■ DATA TO PROCESS
---+---

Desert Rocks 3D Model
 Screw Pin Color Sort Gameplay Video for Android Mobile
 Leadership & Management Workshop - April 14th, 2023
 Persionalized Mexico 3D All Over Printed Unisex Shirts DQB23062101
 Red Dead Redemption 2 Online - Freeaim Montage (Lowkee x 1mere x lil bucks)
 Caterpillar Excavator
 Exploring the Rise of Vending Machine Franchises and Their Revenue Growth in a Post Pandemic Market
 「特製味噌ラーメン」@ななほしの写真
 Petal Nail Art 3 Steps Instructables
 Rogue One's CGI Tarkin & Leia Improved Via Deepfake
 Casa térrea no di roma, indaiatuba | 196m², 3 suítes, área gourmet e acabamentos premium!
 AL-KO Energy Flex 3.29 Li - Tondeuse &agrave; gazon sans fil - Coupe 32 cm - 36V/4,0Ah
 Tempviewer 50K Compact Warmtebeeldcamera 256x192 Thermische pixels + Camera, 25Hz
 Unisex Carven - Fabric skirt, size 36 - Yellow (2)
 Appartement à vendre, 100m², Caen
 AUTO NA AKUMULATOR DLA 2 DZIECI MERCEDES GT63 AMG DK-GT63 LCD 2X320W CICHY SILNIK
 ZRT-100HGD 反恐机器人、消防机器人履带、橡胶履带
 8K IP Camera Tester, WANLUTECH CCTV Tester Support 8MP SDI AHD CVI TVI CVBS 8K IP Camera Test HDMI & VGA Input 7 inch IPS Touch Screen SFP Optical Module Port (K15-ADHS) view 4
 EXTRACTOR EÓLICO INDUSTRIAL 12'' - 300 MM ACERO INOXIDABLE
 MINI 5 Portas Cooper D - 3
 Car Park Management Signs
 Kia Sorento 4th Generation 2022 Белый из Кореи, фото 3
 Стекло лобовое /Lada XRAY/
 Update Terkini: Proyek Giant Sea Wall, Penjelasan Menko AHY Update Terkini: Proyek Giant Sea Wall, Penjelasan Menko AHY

---+---

■ WHAT TO WORK ON
Pull every line containing "Camera" from the data.

■ TASK RESPONSE
 Tempviewer 50K Compact Warmtebeeldcamera 256x192 Thermische pixels + Camera, 25Hz
 8K IP Camera Tester, WANLUTECH CCTV Tester Support 8MP SDI AHD CVI TVI CVBS 8K IP Camera Test HDMI & VGA Input 7 inch IPS Touch Screen SFP Optical Module Port (K15-ADHS) view 4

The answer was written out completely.